Friday, April 15, 2011

Eternal Life -- Eternal Love

Rev. Juan Huertas
In many Christian circles we find an obsession with heaven. The way many of these Christians put it, becoming Christian is about earning an entrance ticket into heaven. This easily becomes a reason for not engaging the world, for ignoring its plights, and for a self-centered life of faith. Eternity becomes something that will happen someday, that we will enjoy at the end of time.

The world in this point of view becomes a place for “passing thru.” So human reality, earthly reality, embodied existence becomes another stumbling block to the real life promised some day, to the real concern of God, to our “spiritual life.”

In today's reading on our journey Scott McKnight gives us a helpful corrective. He tells us that “[w]hat is finally eternal is love, and heaven and eternal life are terms that house what is truly eternal: love.” (168) In loving God, neighbor, self, we are participating in the divine life, we are participating and inaugurating eternal life. Love keeps us centered, hopeful and inspired on being about God's own nature in the world. We, as embodied beings, making incarnate God's nature for the many who are not yet responding to God's initiative in their life.

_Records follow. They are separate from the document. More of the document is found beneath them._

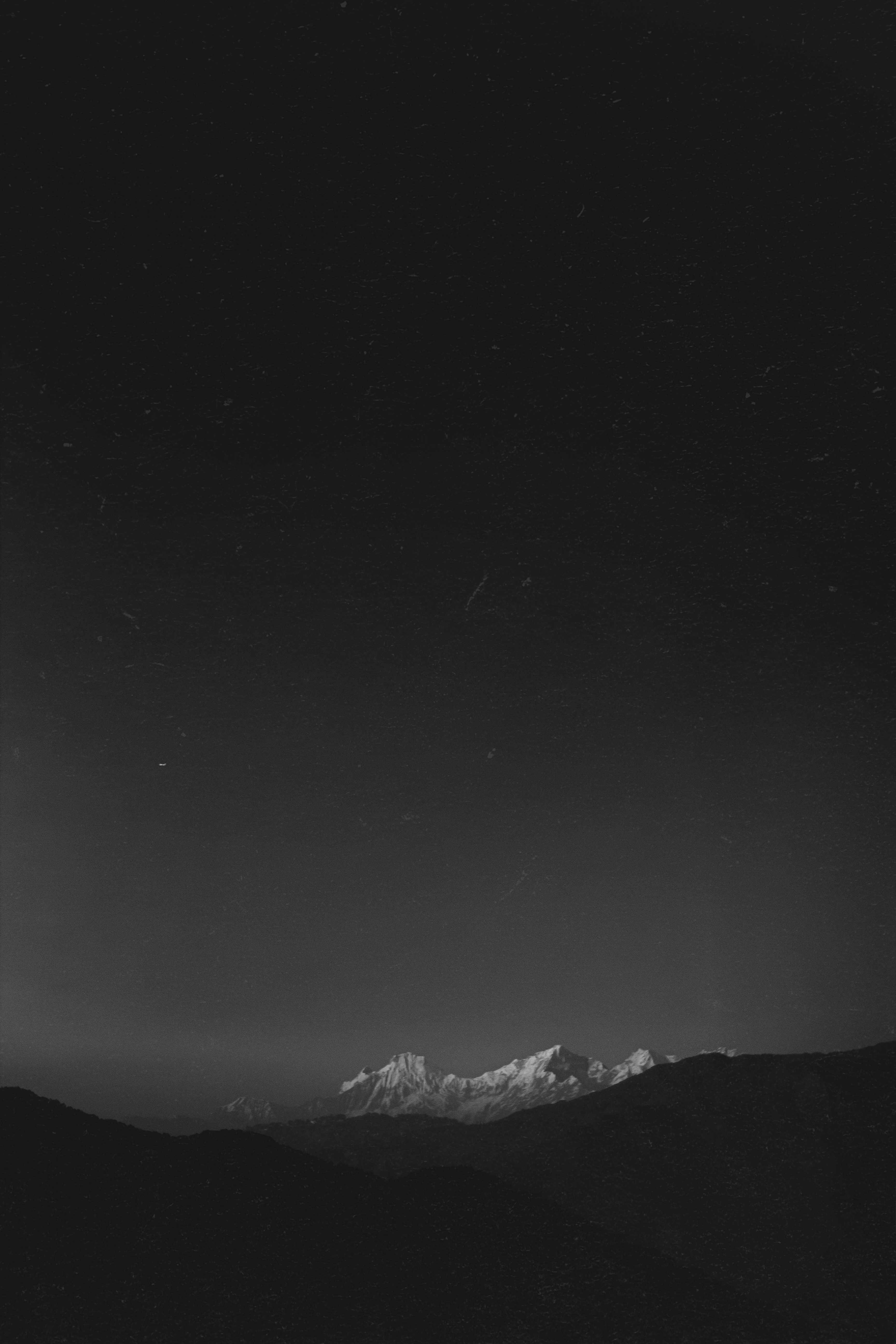 A black and white photo of a mountain range photo – Free Mountains ...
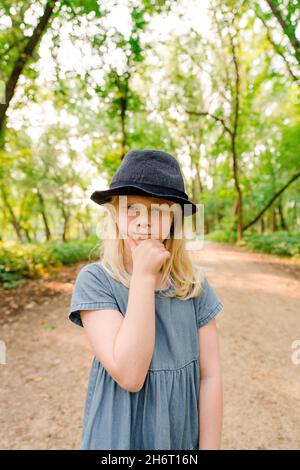 Funny portrait of a young girl making a silly face Stock Photo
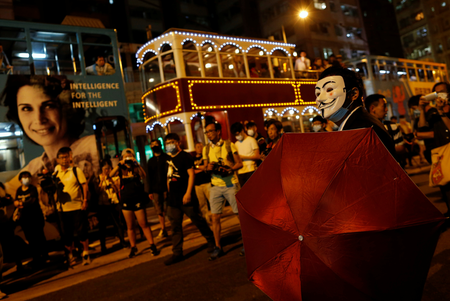A demonstrator wears a Guy Fawkes mask as he stands in front of police during a protest in Hong Kong. (Reuters/Tyrone Siu)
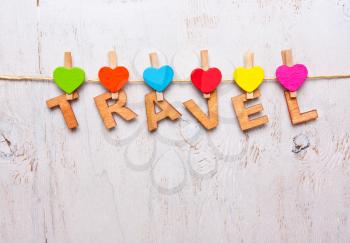the word travel of the wooden letters on a white background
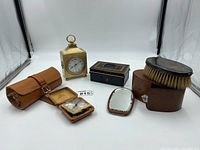 Full lot of vintage items: travel wind-up clock, small mantle clock, grooming kit, brush, comb, mirror and lockbox.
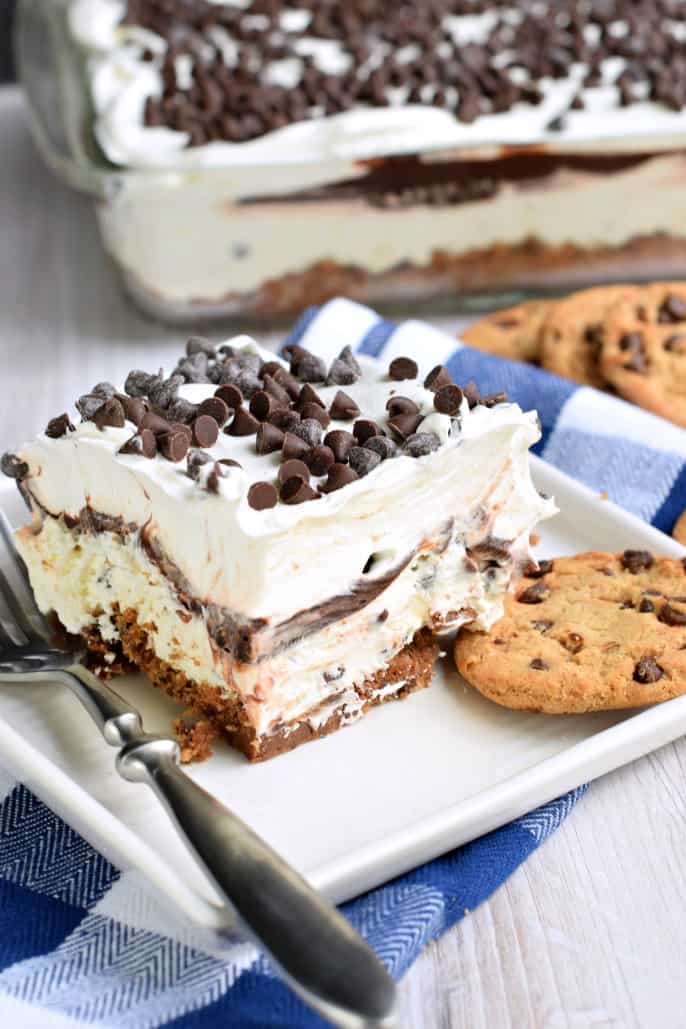 Slice of chocolate chip cookie lasagna on a white plate.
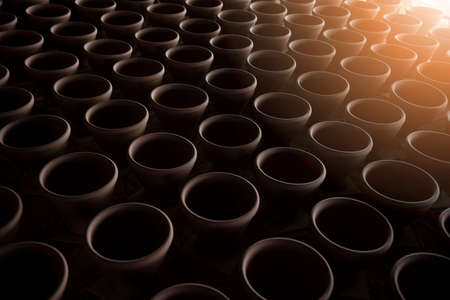 A narrow depth-of-field, blurred background and a large traditional indigenous pottery jar sits side-by-side in an Asian stone mortar pottery.の写真素材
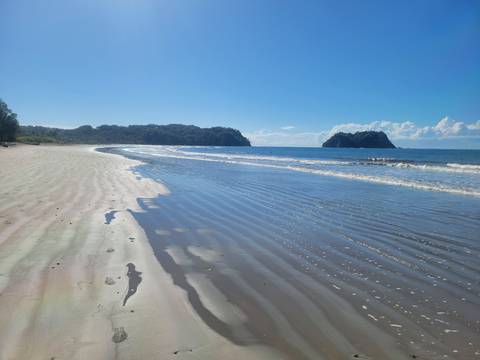 A tranquil beach with gentle waves and clear skies.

We might be at a point in our Lenten journey where tiredness is beginning to set in. We are ready for celebration, we are ready to take on that which we gave up, we are ready to sing Alleluia once again. Those things might seem like the heaven that we are waiting for, so near and yet so far away.

The promise of the Gospel is the promise of eternal life that begins today. We do not have to wait. The God we serve gave us an embodied savior and through that savior has taught us to love in the same way. Let us go into these last days loving. Knowing that in our loving we are participating in God's own nature, knowing that in loving we are making possible heaven right here on earth.

As we prepare to hear the story of Jesus' last days let us also remember that our embodied existence is no stumbling block. In fact our savior reminded us in his suffering and death that this world, this created order, is worthy, sacred, God's own image in the world. God's love for that world tells us something about the power of God's Spirit within us that allows our loving to be an agent of participating in the eternal life of God-self. Thanks be to God!